_What is expected_
Only the lines below from the one that holds "Kouzelný svět virtuální" through the one that holds "Boston Apartment: 29 Commonwealth Terrace" should appear in the answer, copied exactly, end lines included and pictures omitted.

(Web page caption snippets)
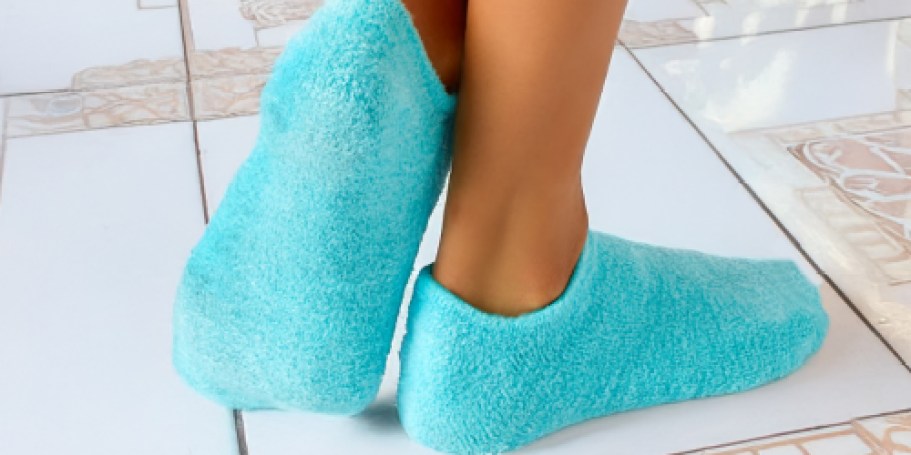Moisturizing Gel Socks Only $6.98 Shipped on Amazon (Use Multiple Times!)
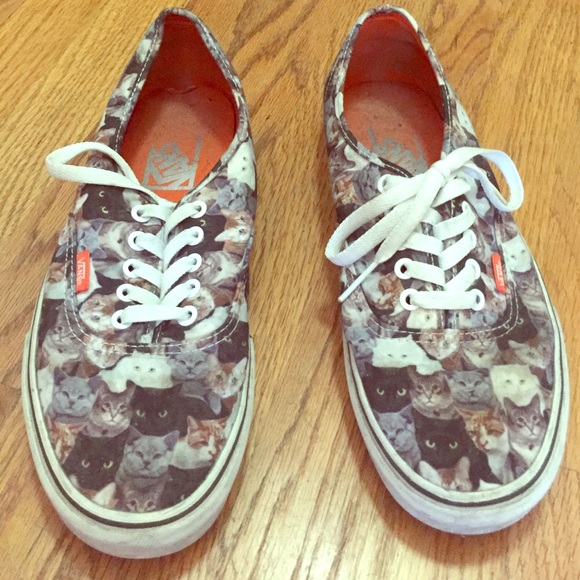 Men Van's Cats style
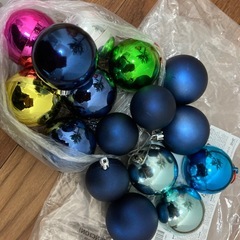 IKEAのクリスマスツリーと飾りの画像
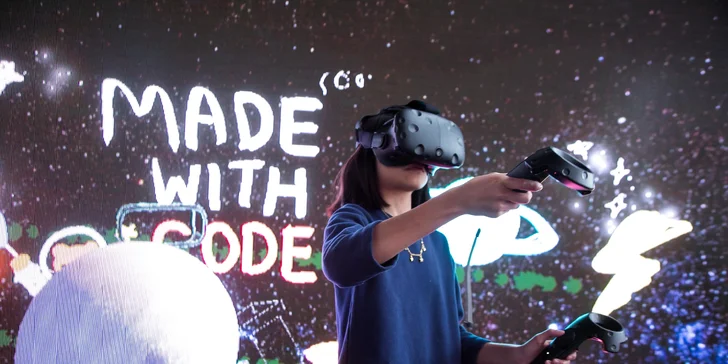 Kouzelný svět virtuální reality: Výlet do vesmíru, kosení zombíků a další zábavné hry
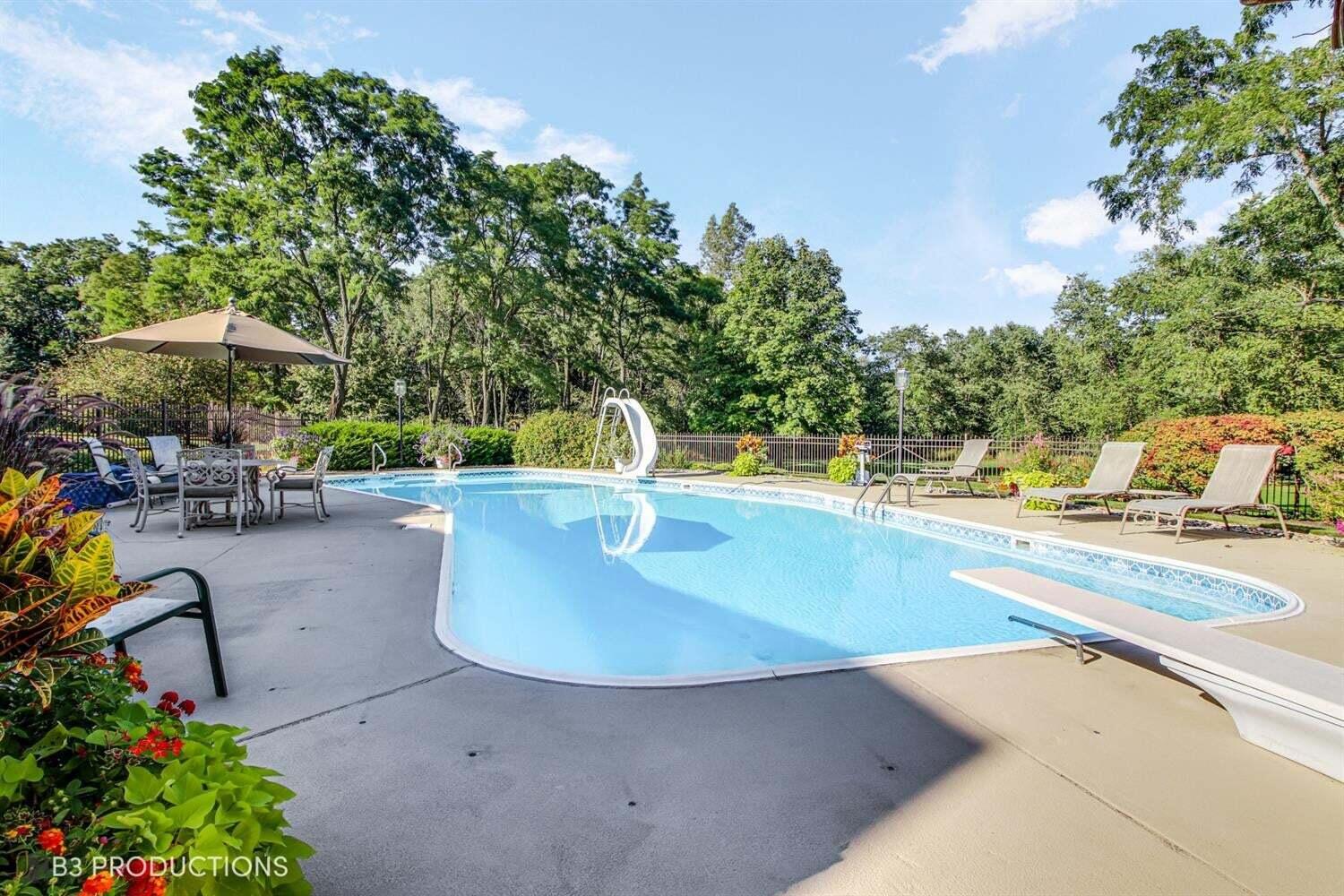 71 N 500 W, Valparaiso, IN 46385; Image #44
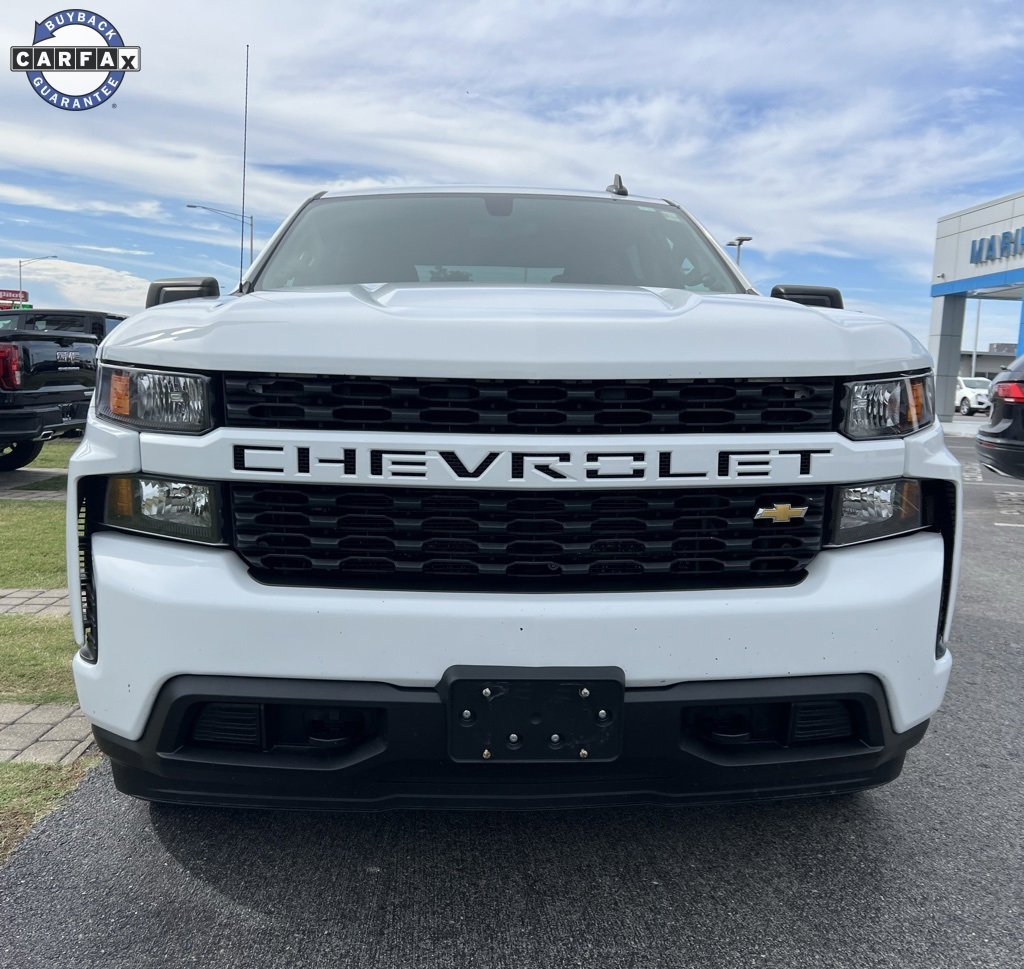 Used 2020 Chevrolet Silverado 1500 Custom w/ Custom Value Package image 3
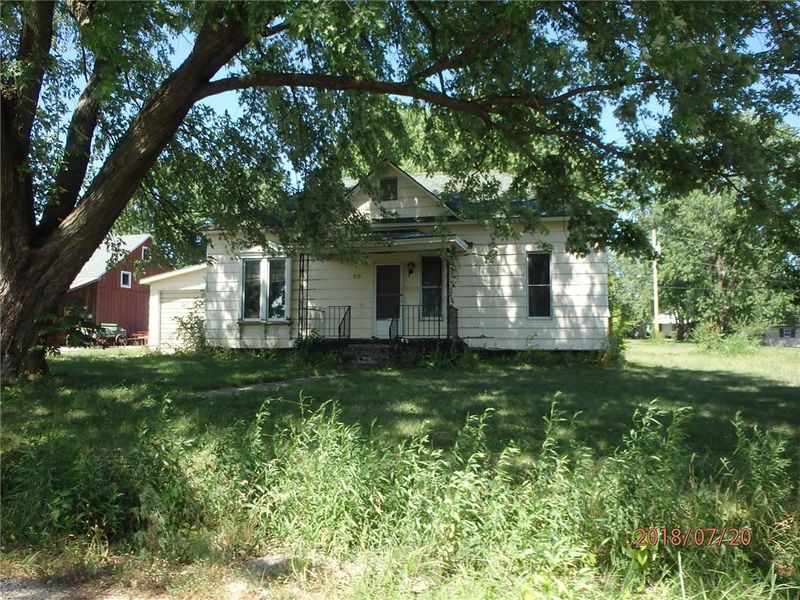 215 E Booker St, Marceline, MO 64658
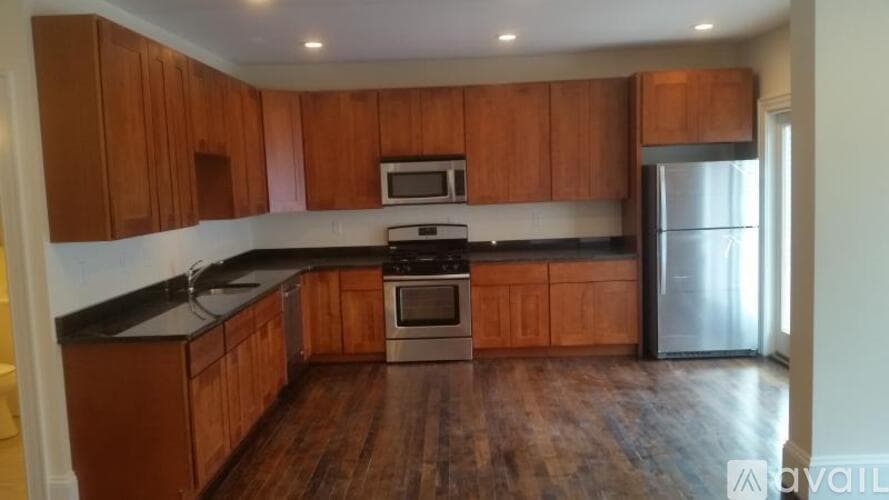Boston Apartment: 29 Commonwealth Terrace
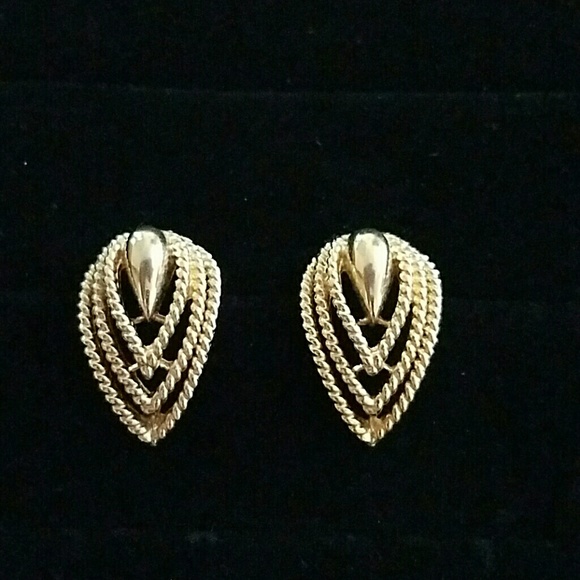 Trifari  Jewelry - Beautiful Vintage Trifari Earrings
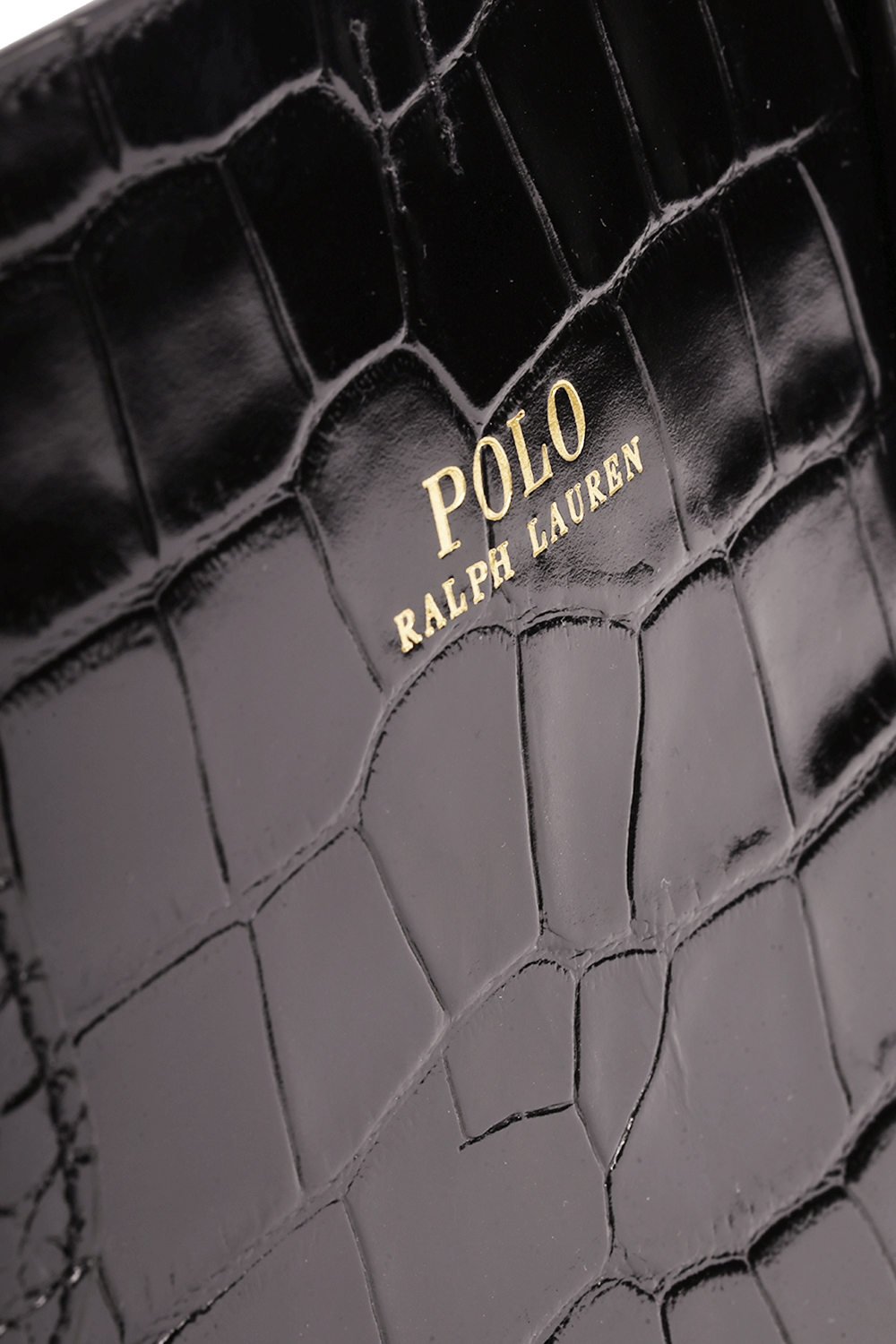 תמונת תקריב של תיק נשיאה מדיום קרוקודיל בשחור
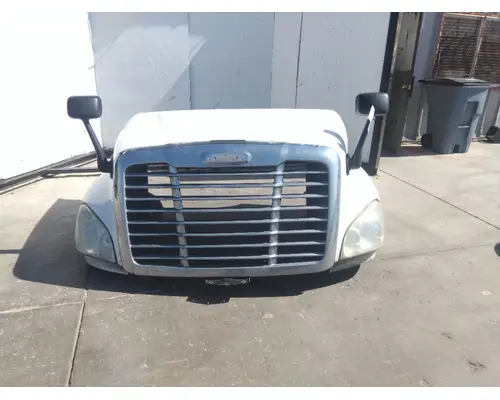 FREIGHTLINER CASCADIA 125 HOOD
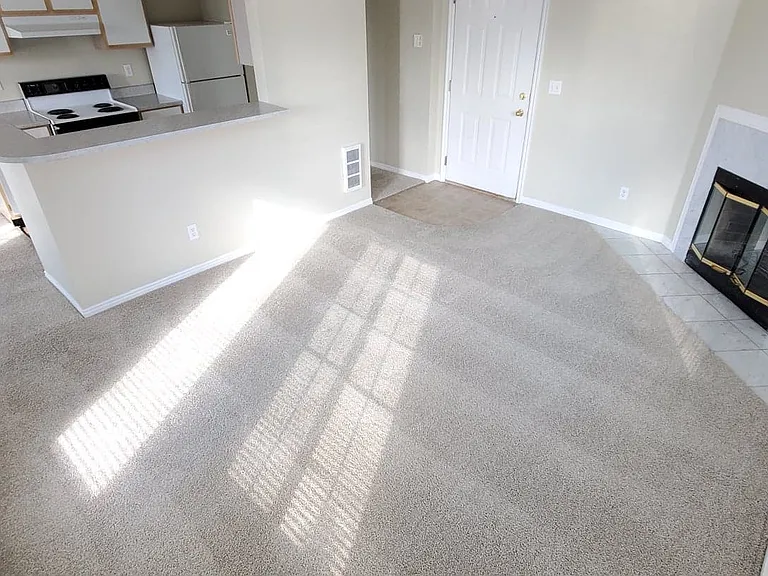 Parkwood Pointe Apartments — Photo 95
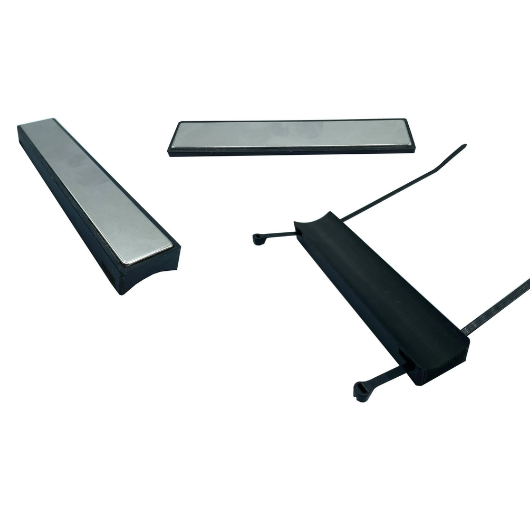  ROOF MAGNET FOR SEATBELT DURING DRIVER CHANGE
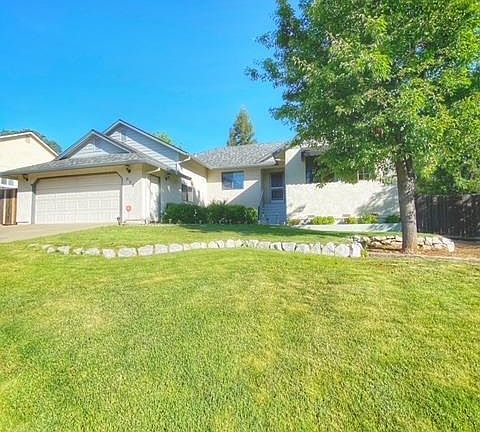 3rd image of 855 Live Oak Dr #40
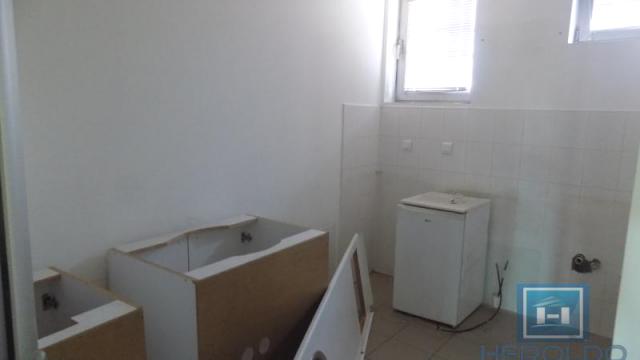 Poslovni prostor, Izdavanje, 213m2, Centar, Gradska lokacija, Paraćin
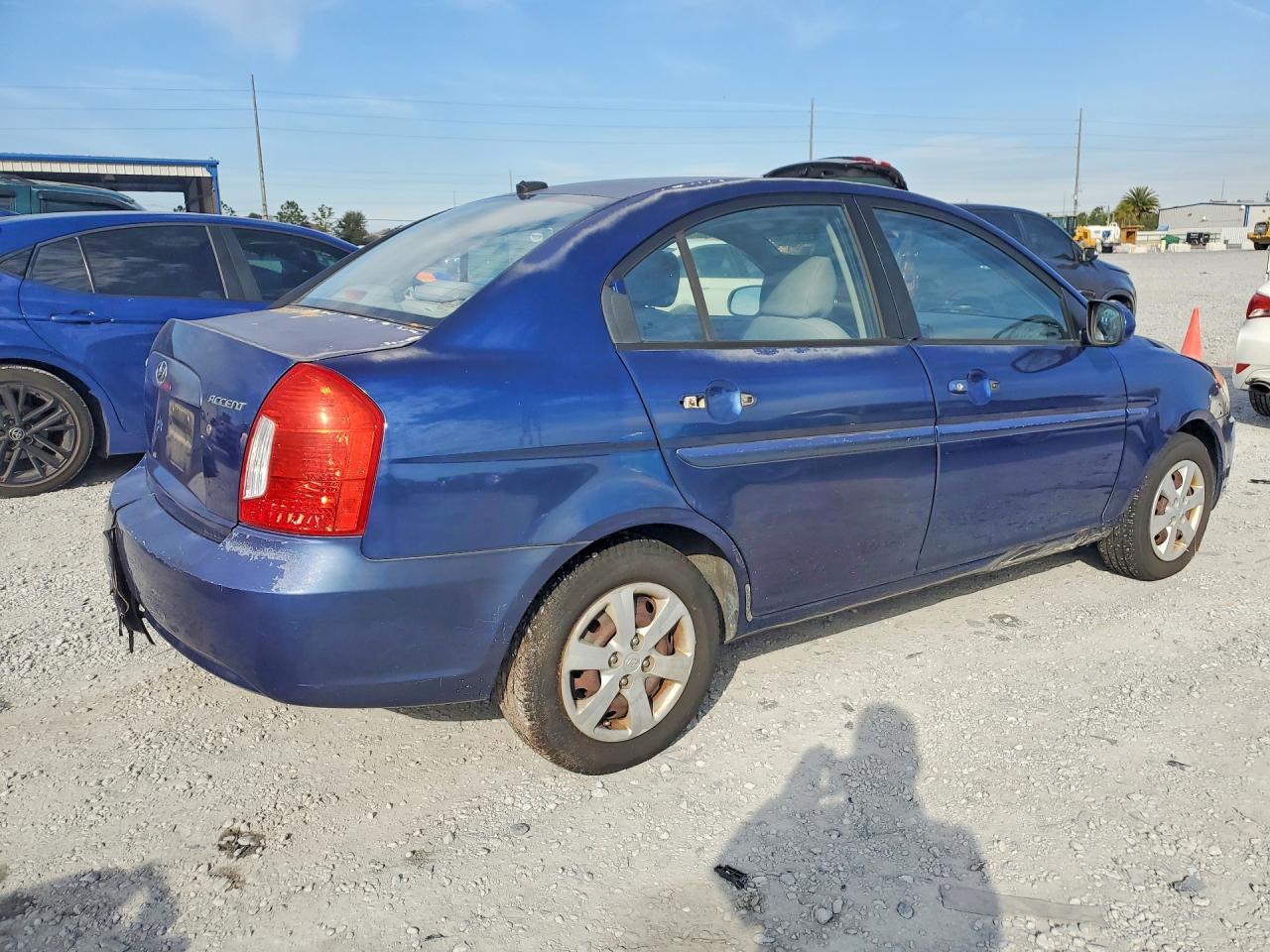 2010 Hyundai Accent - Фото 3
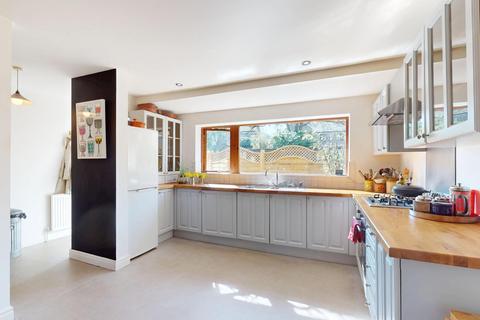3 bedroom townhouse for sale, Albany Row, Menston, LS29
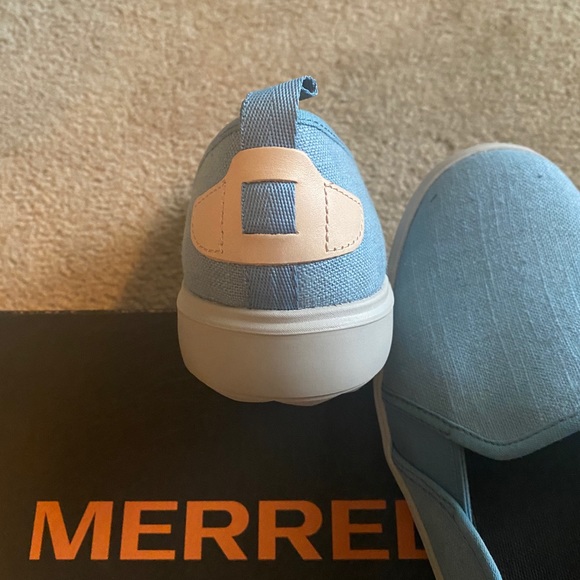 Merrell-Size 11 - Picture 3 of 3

_Solution below_
 Kouzelný svět virtuální reality: Výlet do vesmíru, kosení zombíků a další zábavné hry
 71 N 500 W, Valparaiso, IN 46385; Image #44
 Used 2020 Chevrolet Silverado 1500 Custom w/ Custom Value Package image 3
 215 E Booker St, Marceline, MO 64658
Boston Apartment: 29 Commonwealth Terrace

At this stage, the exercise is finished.